=== Begin Enclosure ===

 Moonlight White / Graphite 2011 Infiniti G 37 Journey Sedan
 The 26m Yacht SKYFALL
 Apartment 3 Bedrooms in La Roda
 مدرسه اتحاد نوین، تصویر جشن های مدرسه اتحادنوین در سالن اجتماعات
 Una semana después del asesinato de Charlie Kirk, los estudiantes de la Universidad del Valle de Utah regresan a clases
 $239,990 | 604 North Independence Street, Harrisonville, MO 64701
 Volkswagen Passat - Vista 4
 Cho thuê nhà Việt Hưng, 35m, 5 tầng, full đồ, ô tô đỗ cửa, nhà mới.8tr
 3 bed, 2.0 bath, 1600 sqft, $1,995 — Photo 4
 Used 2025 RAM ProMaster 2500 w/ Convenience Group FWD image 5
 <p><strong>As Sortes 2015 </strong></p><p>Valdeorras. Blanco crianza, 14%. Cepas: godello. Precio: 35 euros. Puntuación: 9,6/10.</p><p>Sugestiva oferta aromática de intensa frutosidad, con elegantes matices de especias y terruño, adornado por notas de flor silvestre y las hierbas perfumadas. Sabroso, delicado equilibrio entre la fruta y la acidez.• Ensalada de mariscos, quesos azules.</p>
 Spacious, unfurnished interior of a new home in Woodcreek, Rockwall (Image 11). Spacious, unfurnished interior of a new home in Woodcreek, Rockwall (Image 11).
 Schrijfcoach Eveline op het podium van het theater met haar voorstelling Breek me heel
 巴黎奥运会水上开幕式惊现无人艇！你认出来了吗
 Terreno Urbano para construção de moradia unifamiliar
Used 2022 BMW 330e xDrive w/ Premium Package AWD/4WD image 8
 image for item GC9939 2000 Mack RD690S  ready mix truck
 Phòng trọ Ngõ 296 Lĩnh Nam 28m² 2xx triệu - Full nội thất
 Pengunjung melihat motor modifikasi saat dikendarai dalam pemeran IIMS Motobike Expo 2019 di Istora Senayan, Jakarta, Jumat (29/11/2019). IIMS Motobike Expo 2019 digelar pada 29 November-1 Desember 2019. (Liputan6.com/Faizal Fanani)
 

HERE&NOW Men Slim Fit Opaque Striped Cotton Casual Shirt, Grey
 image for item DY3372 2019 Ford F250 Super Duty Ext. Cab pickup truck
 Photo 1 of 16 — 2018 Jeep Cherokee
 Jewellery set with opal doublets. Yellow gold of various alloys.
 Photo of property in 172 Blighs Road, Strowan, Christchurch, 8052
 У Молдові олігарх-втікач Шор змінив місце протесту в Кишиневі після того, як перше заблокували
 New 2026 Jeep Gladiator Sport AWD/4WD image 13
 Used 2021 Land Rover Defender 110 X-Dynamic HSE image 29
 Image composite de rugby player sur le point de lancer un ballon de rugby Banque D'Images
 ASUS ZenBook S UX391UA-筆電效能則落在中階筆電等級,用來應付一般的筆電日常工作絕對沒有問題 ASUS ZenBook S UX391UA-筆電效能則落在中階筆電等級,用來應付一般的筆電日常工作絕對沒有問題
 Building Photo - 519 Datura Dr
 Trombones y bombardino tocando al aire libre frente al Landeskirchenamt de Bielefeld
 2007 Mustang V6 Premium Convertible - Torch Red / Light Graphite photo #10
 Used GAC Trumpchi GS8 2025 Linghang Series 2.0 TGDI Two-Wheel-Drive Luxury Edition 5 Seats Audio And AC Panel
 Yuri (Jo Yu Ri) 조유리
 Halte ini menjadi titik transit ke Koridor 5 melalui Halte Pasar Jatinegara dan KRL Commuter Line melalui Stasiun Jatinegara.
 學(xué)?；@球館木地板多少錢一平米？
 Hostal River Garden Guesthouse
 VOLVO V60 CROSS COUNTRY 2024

=== End Enclosure ===

Task: Print, without alteration, only the lines above between the one holding "3 bed, 2.0 bath, 1600 sqft, $1,995 — Photo 4" and the one holding "Used 2025 RAM", inclusive.

Result for this task:
 3 bed, 2.0 bath, 1600 sqft, $1,995 — Photo 4
 Used 2025 RAM ProMaster 2500 w/ Convenience Group FWD image 5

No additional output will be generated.